Apple is synonymous with breakthrough products — the company’s intrinsic strategic value is expressed through well-designed, fun and highly functional products.  The target customer is well defined, and the customer’s expectations are also clear.  Once the customer engages with an Apple product and the Apple brand, the customer willingly advocates the product and the brand.  The customer often brings Apple products into the enterprise, perhaps influencing enterprise adoption of Apple products.  Apple has been successful in engaging the customer because of its ability to consistently deliver the brand promise.

IBM, a truly strategic organization, recognizes the need to drive towards value creation and breakthrough strategy.  IBM takes the time to promote forward-looking corporate strategy, finds ways to replicate strategic successes internally, and actively participates in scenario building towards the future.  The company also builds collaboration through innovative uses of social networking and social learning internally.  This has not only enabled idea-sharing but has also arrived upon breakthrough ideas that generate value for the company.  IBM’s disciplined forward-looking strategy has helped the organization grow and evolve through the times, and sustain its brand at the top.

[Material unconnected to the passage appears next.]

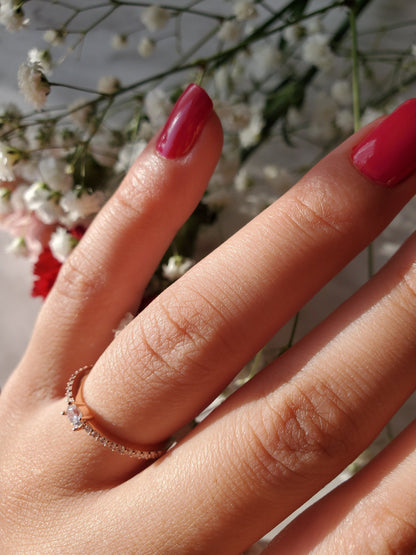 East west oval ring, simulated diamond, Rose gold plated ring, dainty oval ring, oval engagement ring, minimalist ring, propose ring, simple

Google’s innovation has galvanized a behavioral revolution online, has led to its ascension as an online search standard, and has established Google’s online dominance.  “Google it” has found a way into our common language.  Google continues to churn out breakthrough products such as Gmail, Google maps, Chrome (which recently surpassed Microsoft Internet Explorer), and the Android OS (the leading Smartphone OS).  How does Google fuel its innovation pipeline?  Internally, Google consciously fosters creation and collaboration among all ranks of Googlers through small work teams.  Googlers are drawn to the company, and continue to thrive there, for the opportunity to create impact.  Google actively endorses ideation by allowing its Googlers to allocate as much as 20% of their time to pursue new ideas they are passionate about.  Gmail and Google maps, for example, emerged from these “20% projects.”

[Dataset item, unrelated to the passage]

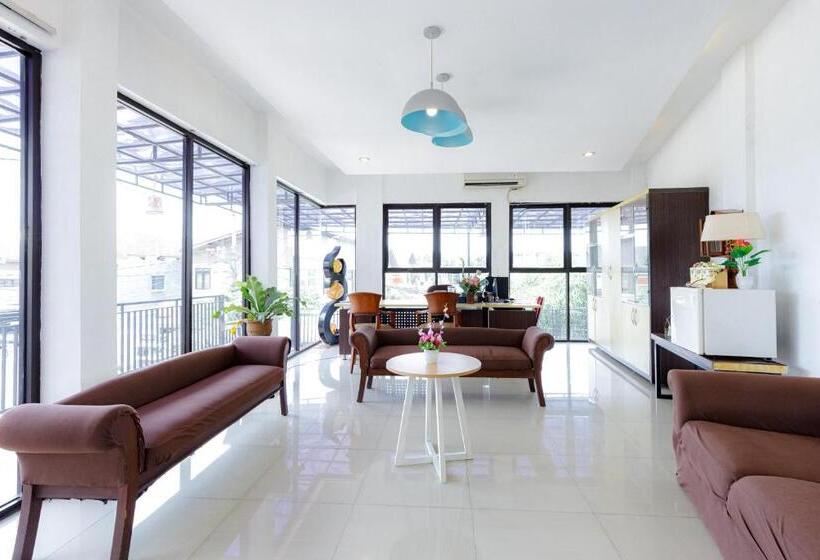 ホテル Urbanview Srb Near Mall Ciputra Cibubur By Reddoorz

The confluence of strategy and entrepreneurship

Strategy is a necessary recurring core process in any business determined to succeed by design rather than happenstance.  Without regular strategic planning, managing a business can become an endless series of reactive firefighting and crisis management.  Such behavior can further contribute to an inability to address changing business climates.  Entrepreneurship is a necessary recurring drive to innovation, to challenge current assumptions, and to meet next-generation requirements.  When strategic planning is mapped to entrepreneurial thought, business leaders drive toward future goals with a vision of what’s next on the horizon.  When entrepreneurial drive is applied to strategy, businesses change course with agility, respond to new opportunities with openness, and meet changing business landscapes.  Each discipline strengthens the other.

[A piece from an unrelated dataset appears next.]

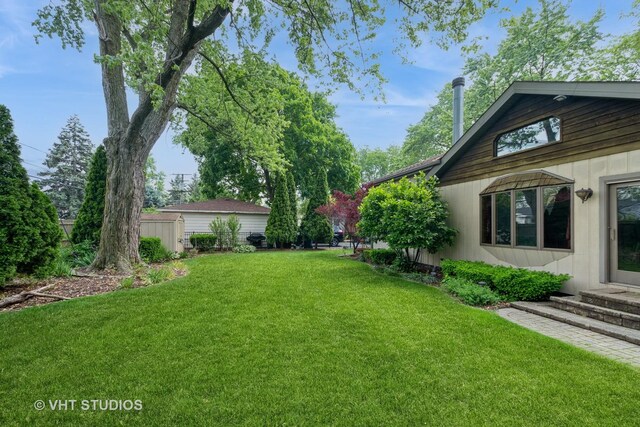 8747 Merrimac Ave, Oak Lawn, IL 60453 - view of yard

Intertwining strategy and entrepreneurial process results in thoughtful vision and nimble business behavior in changing contexts.  Successful businesses like Apple, IBM and Google have figured out the interplay between strategic thought and entrepreneurial drive, resulting in effective execution.

Takeaways

To enable your business towards successful strategic entrepreneurship:

1.  Think and evaluate yourself strategically
2.  Explore and promote sharing of new ideas
3.  Make innovation a core strategy
4.  Map strategic thought into entrepreneurial drive for results
5.  Continually repeat the process

Take a cue from Apple, IBM and Google.  To be successful in today’s challenging climate, it is not only possible, but arguably imperative, to be at once both strategic and entrepreneurial.